US News

X-RAY’S NO CLUB FED: ONLY PRAYERS BREAK BOREDOM

GUANTANAMO BAY.

IT’S shortly after noon at Camp X-Ray and it’s time for the midday call to Muslim prayer.

As the melodious voice of Navy Lt. Abuhela Saiful-Islam, the military Muslim chaplain, chants over the loudspeakers, the American flag flaps in the trade winds right next to the qibla – a sign that shows the 300 Taliban and al Qaeda captives here the direction toward Mecca.

Marine snipers hover in wooden towers as the “detainees,” as they are called here, bow to the east and begin their five-times-daily ritual, about the only thing they’re allowed to do here.

It’s high holy season this week, a time when hundreds of thousands of Muslims throughout the world partake in the haj, the pilgrimage to Mecca, and Task Force 160, the military unit in charge of the accused terrorists, is pulling out all the stops.

Brig. Gen. Michael Lehnert, the chief military officer here, says not only are the camp guards making special arrangements so the detainees can fast Friday, but they are also shipping in special lambs, dates and baklava for the traditional Eid-al-Adha feast that begins at sundown that day.

Lehnert tells a visiting group of reporters this to prove that the people captured on the mean battlefields of Afghanistan are being treated humanely and in the spirit, if not the letter, of the Geneva Convention.

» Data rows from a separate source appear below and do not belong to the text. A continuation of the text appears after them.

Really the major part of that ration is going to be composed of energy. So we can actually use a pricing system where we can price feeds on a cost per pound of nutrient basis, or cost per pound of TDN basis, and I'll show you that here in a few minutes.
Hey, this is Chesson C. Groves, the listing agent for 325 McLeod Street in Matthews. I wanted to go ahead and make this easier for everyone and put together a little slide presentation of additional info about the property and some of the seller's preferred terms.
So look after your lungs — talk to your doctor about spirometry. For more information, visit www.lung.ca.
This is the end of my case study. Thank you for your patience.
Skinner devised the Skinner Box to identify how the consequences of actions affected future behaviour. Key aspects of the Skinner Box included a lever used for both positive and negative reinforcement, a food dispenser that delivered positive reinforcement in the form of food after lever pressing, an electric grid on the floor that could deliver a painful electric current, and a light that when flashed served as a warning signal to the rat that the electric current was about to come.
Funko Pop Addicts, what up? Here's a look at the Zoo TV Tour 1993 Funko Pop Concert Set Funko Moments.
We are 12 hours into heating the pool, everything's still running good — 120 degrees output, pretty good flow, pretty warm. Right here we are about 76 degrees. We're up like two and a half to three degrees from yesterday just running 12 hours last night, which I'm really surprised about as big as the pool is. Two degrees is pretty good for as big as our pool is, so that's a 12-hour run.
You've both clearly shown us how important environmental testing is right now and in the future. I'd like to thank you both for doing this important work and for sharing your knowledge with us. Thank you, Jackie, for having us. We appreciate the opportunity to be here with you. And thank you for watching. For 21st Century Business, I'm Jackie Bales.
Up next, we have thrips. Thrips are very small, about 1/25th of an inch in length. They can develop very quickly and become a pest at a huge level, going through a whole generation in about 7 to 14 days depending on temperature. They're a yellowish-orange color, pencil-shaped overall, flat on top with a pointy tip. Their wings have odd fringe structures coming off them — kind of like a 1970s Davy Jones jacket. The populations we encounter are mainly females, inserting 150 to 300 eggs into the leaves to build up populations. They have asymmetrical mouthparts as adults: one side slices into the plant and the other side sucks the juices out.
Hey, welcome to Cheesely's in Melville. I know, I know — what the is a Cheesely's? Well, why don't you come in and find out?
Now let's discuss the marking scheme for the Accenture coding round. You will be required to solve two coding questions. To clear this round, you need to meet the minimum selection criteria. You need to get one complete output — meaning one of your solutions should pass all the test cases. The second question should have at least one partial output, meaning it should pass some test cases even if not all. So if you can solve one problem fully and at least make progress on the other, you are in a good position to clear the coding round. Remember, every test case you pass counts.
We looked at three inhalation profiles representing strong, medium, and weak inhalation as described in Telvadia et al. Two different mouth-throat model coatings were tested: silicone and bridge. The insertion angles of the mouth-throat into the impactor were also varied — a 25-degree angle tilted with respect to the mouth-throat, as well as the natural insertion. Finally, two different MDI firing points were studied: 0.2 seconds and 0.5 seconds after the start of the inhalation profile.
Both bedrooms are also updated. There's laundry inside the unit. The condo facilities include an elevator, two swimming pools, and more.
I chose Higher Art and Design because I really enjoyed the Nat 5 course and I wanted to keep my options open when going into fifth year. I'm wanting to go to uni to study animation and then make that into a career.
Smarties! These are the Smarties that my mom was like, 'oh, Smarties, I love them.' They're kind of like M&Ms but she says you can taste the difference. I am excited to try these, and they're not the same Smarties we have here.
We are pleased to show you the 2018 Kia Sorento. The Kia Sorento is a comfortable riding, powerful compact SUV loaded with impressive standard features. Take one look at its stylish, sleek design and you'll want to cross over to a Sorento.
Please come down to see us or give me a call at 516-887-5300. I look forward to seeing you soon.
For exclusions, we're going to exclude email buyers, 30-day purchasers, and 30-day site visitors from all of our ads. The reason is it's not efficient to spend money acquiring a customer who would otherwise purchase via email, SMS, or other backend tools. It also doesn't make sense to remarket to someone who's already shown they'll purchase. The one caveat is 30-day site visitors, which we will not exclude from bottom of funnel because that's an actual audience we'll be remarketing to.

But an afternoon spent on the dusty, sweltering outer perimeter of this unusual military prison – with a Marine external reaction force whose members are armed with M-16 rifles, grenade launchers and 50 caliber cannons mounted on Humvees patrolling around the clock – made clear that while the U.S. military may be meeting the legal requirements of humane treatment, Camp X-Ray is no Club Med.

The place looks like a dog kennel.

The 6-by-8-foot “units” holding the Taliban and al Qaeda captives are stacked in rows. They have tin roofs and cement floors and a chain link fence serves as walls separating each of the cells.

“We don’t ask them how their day is going,” said Col. Terry Carrilio, commander of Camp X-Ray. They look like pathetic wretches – not stone-cold killers as they hobble in their chains with their bald heads bowed toward the ground as a security precaution so they don’t get too good a look at all the arrangements being made to keep them penned in and out of trouble.

Some of the captives, accepting their fate, are talking, military officials said.

Marines and Army military police assigned to Camp X-Ray sleep in small tents, not a lot bigger than the prisoners’ cells, right next to the camp.

Only the guard dogs at the camp get air-conditioned quarters.

So worried are the authorities about the possibility of an uprising that the guards assigned to interact with the detainees don’t carry weapons and the entire camp is designated as a no-saluting zone so the terrorist captives can’t tell who are officers and who are enlisted men.

Is it pleasant here? No. I wouldn’t last 10 minutes in one of those cages.

Do the people here deserve this form of rushed justice?

That’s for the lawyers to decide.

But it’s too bad that Osama bin Laden isn’t here to lead his misguided minions in their daily call to prayer.